“My point, once again, is not that those ancient people told literal stories and we are now smart enough to take them symbolically, but that they told them symbolically and we are now dumb enough to take them literally.”
― John Dominic Crossan, Who Is Jesus? Answers to Your Questions About the Historical Jesus
John Dominic Crossan is certainly a fine example of the kind of Biblical criticism that poses as scholarship but begins with a presumption and then turns the Scriptures to fit that presumption. He is a product of the age of skepticism in which truth is met with suspicion and presumed to be symbolical language, myth, legend, or fable designed to illustrate a point. It is the Aesop Fable approach to Scripture in which nothing is what it says or seems but is merely a story, a parable, with greater meaning residing in the moral. Adam and Eve, Jonah, Job, miracles, etc... are all presumed to be iconic rather than factual, symbolic rather than historical. And if that seems to presumptive and arrogant, then you make us the bad guys (the 1600 or so years between the apostles who knew it was merely story and beginning of the skeptical age about 1800 or so which got it all wrong). Even the resurrection of Jesus need not be fact in order for it to be true. Yeah, I know, go figure. . .
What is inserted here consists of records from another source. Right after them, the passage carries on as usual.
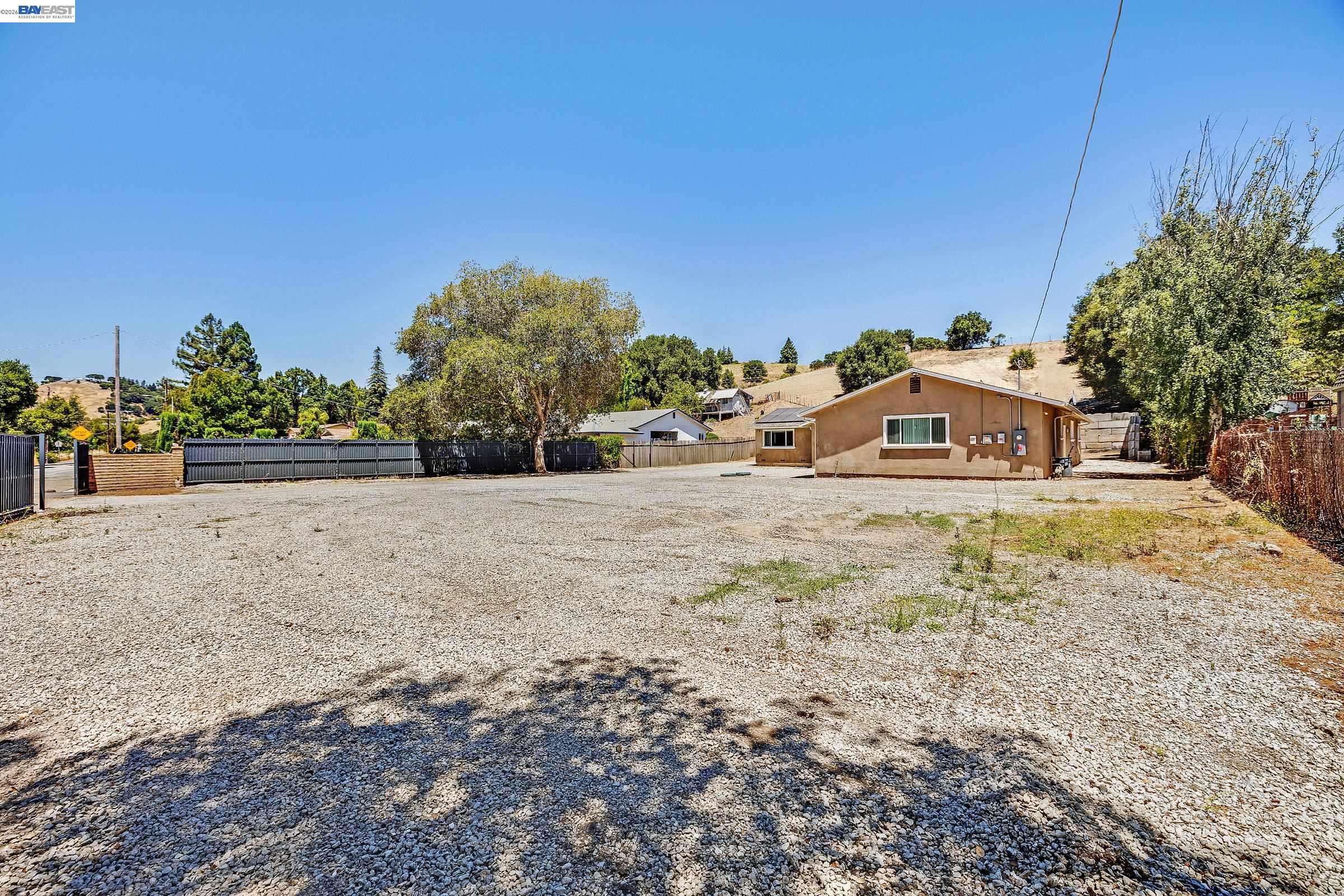 6344 Palo Verde Road Castro Valley, CA 94552 - Photo 11 of 56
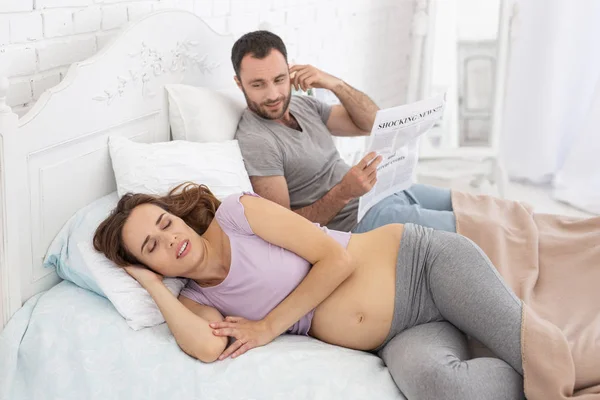 Szép terhes nő göndörítés — Stock Fotó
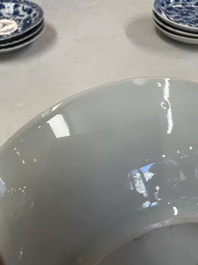 17 Chinese blue and white cups and 22 saucers, Kangxi/Yongzheng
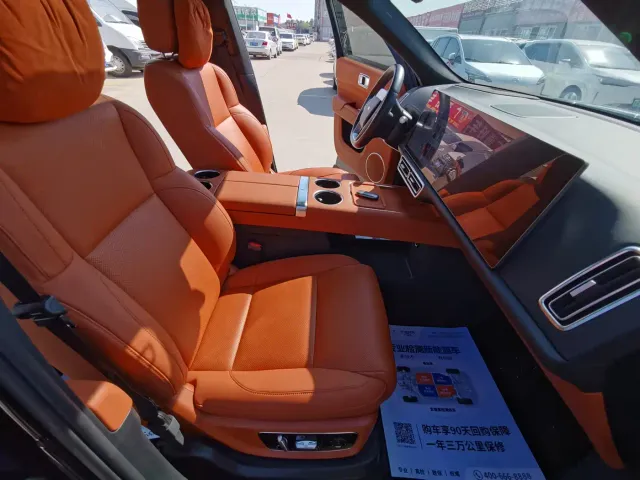 Li Auto L8 — Фото автомобиля 13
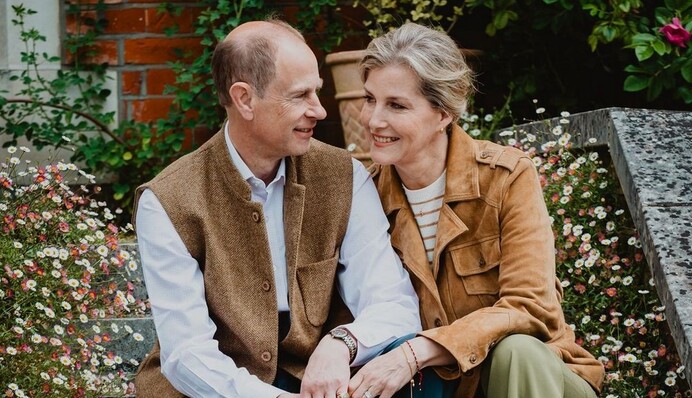 Принц Эдвард с женой отмечают серебряную свадьбу: новый портрет королевской пары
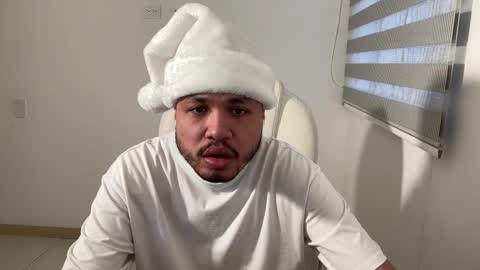 Snapshot of christopherdav chatting on December 22, 10:47 pm Chris online show from December 22, 10:47 pm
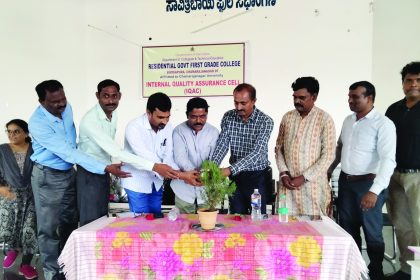 ವಿದ್ಯಾರ್ಥಿಗಳೇ ಪಠ್ಯೇತರ ಚಟುವಟಿಕೆಗಳಲ್ಲಿ ತೊಡಗಿಸಿಕೊಳ್ಳಿ: ಡಾ.ಪಿ.ದೇವರಾಜು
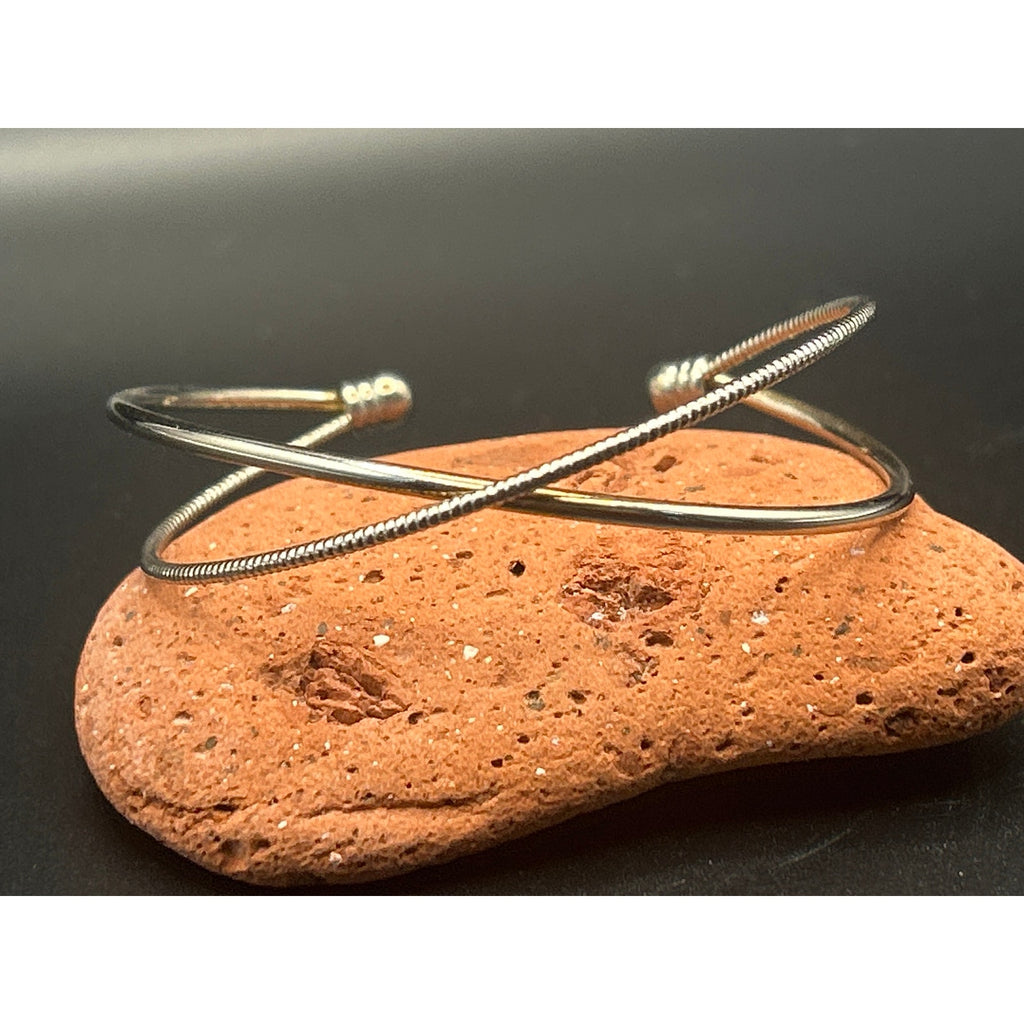 Vintage Silver Tone Coiled & Smooth Wire Crisscross Cuff Bracelet Open Bangle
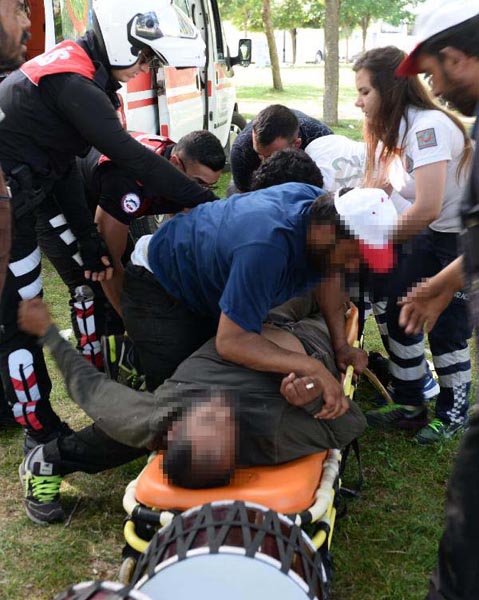 Arkadaşını öldürüyordu ! ''Ferdi kalk...'' - Resim : 2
The ordinary means of approaching Scripture is to presume fact and history unless the Scriptures tell you otherwise. So Jesus tells parables, clearly identified as parables, not to promote the moral of the story but to illustrate the Kingdom of God. In the end, even Jesus becomes merely a moral to the great mythology of God and the only real fact, vague as it may be, is that God is love, tolerance, acceptance, compassion, and mercy. You need not the cross for this God because sin is no big problem -- God just loves it away -- and you need not the resurrection either since death was always normal and the whole goal is to set the spirit free from its imprisonment in flesh. Does anybody think that sounds like something? It sounds like several things but it does not sound like the Gospel.